Ferenc's face crinkled into a smile. "It is true. My niece was a born storyteller with a flare for fantasy."

Zsofia managed a sardonic laugh. "The story of Magda's defection to America grows more exaggerated with each telling. The tale has taken on mythical proportions."

"Ah, yes," Jozsef snorted. "Her personal saga becomes larger than life." He looked at his son. "A superhero swooped from the sky like a bird and whisked cousin Magda away in his arms."

Zsolt's eyes grew enormous with astonishment.

"Oh, what nonsense," chastised Ferenc. "Do not tell the boy silly fables."
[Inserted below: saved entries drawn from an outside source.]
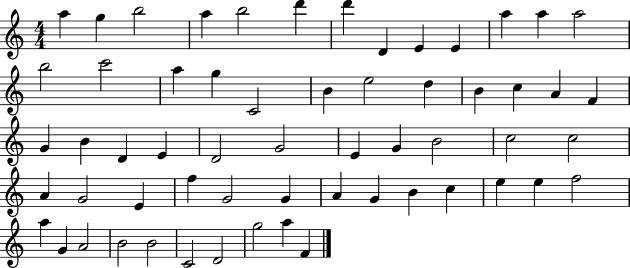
{
  \clef treble
  \numericTimeSignature
  \time 4/4
  \key c \major
  a''4 g''4 b''2 | a''4 b''2 d'''4 | d'''4 d'4 e'4 e'4 | a''4 a''4 a''2 | \break b''2 c'''2 | a''4 g''4 c'2 | b'4 e''2 d''4 | b'4 c''4 a'4 f'4 | \break g'4 b'4 d'4 e'4 | d'2 g'2 | e'4 g'4 b'2 | c''2 c''2 | \break a'4 g'2 e'4 | f''4 g'2 g'4 | a'4 g'4 b'4 c''4 | e''4 e''4 f''2 | \break a''4 g'4 a'2 | b'2 b'2 | c'2 d'2 | g''2 a''4 f'4 | \break \bar "|."
} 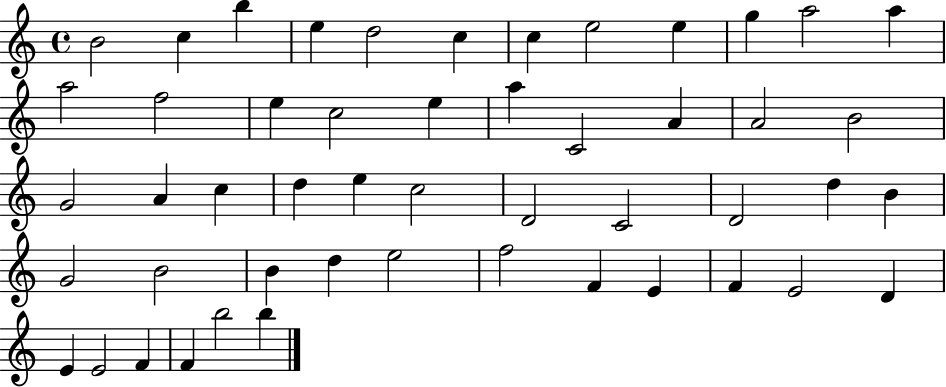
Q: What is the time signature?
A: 4/4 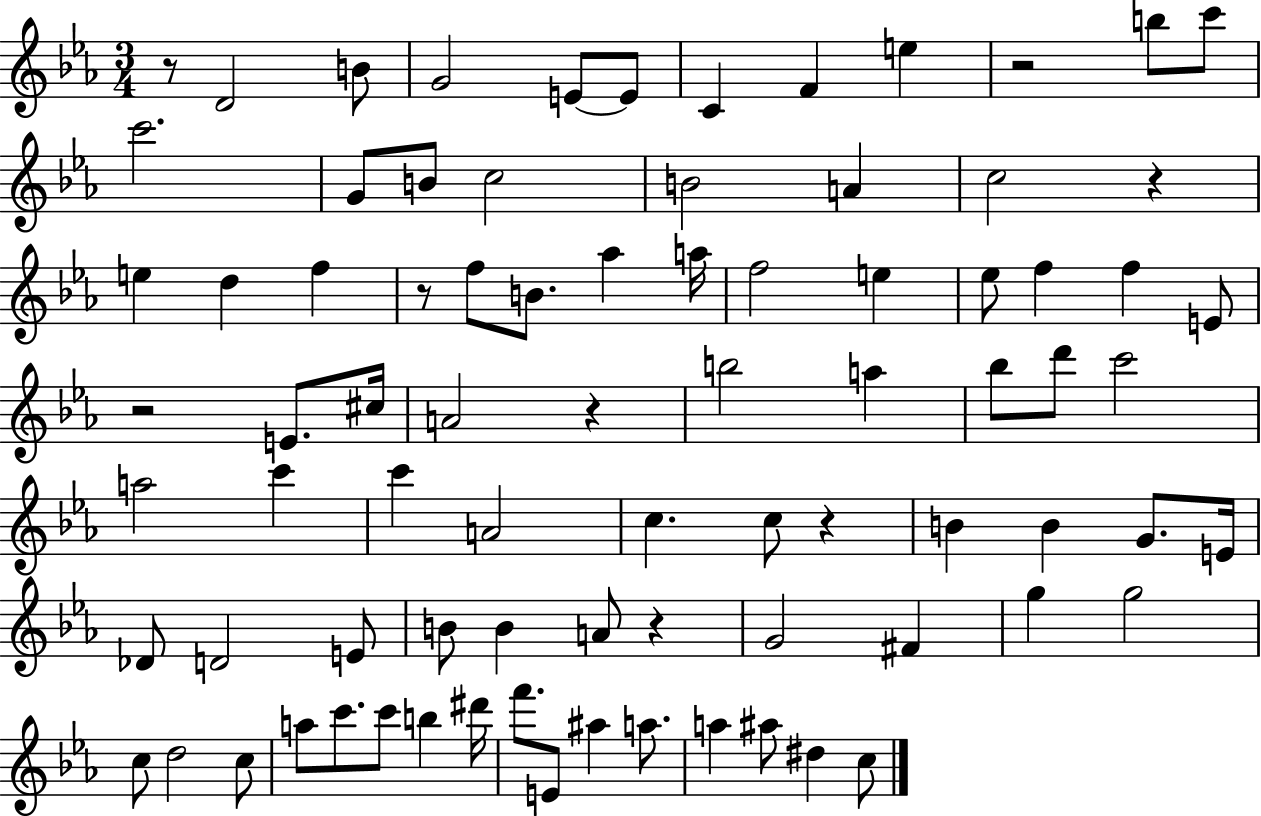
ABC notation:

X:1
T:Untitled
M:3/4
L:1/4
K:Eb
z/2 D2 B/2 G2 E/2 E/2 C F e z2 b/2 c'/2 c'2 G/2 B/2 c2 B2 A c2 z e d f z/2 f/2 B/2 _a a/4 f2 e _e/2 f f E/2 z2 E/2 ^c/4 A2 z b2 a _b/2 d'/2 c'2 a2 c' c' A2 c c/2 z B B G/2 E/4 _D/2 D2 E/2 B/2 B A/2 z G2 ^F g g2 c/2 d2 c/2 a/2 c'/2 c'/2 b ^d'/4 f'/2 E/2 ^a a/2 a ^a/2 ^d c/2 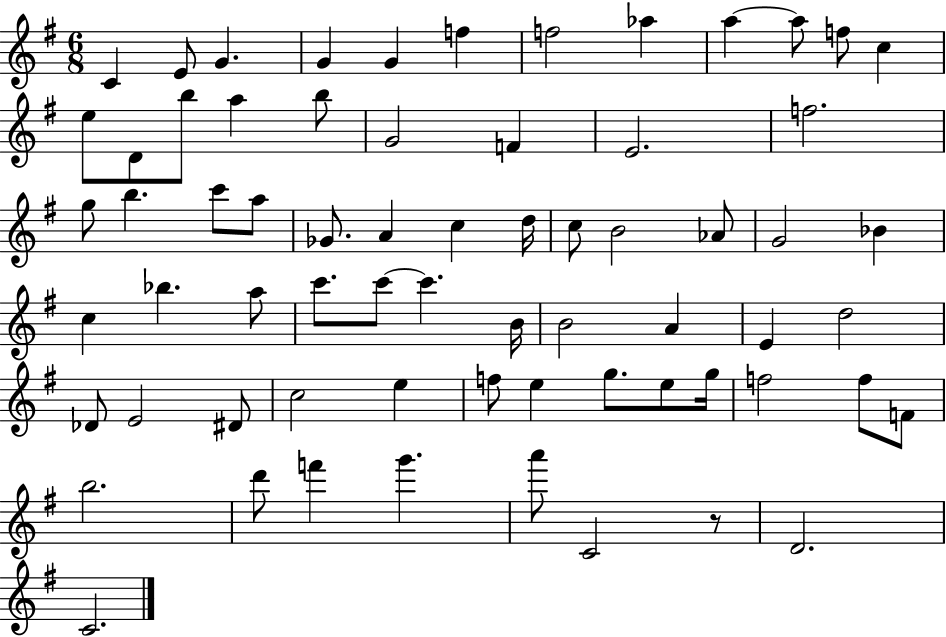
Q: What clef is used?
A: treble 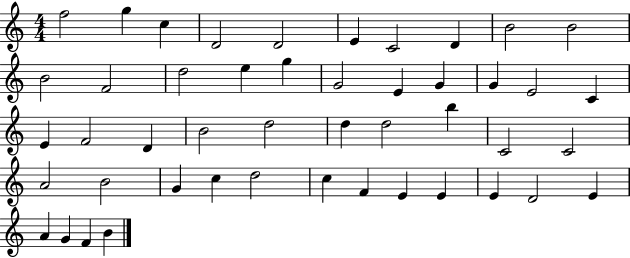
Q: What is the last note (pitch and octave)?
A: B4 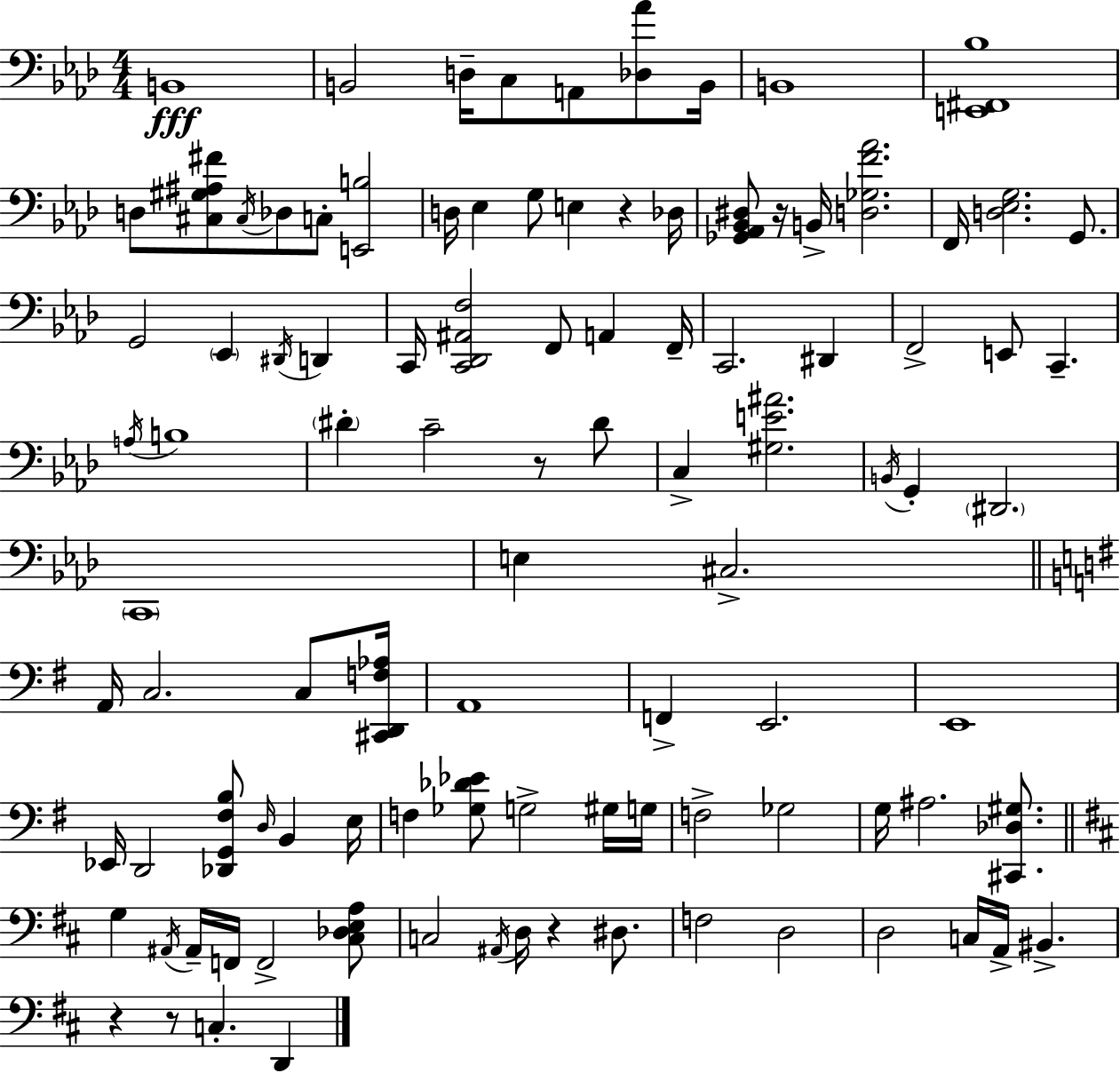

Jozsef brushed the hair from Zsolt's forehead. "The truth, my son, is always better than tall tales, is it not? Our cousin, Magda, was trapped and about to be captured. There was no place left to hide. Suddenly a deafening roar was heard from above, and a helicopter was seen on the horizon. It flew right into the midst of gunfire and hovered over a children's playground. Dangling from the doorway was an American agent, who grabbed Magda up in his arms and held her tightly until they could all fly to safety."

Zsolt was amazed. "Then it was a real hero who saved Magda, yes, Pater"

"Enough, Jozsef," Zsofia warned. "You fill his head with pictures that will keep him awake for hours." Beckoning to the child, she motioned toward the hallway. "Say goodnight, Zsolt. Off to bed with you."

As the boy kissed his father and left the room, Gyorgy rose from his chair. "Who is the American agent? You have a name, I trust."

Brother and sister exchanged glances with the family patriarch. With his nod of approval, Zsofia shared the family secret. "Stetson," she responded. "Lee Stetson."

Gyorgy looked thoughtful. "Stetson? This man, he is well known in the intelligence communities? He is a big fish, yes?"

Jozsef hesitated and then nodded in the affirmative. "Very big, I am certain. He works for an elite team of American operatives. Maybe you have heard his codename."

"What is his codename?" Gyorgy prodded with a commanding tone.

"His codename is Scarecrow."

"Scarecrow, you say?" Gyorgy's body stiffened with recognition, before a satisfied smile etched his ruddy face. "The name is legendary to the KGB. You must try to get a message to his superiors and request his assistance. Scarecrow could prove useful to our cause - very useful, indeed."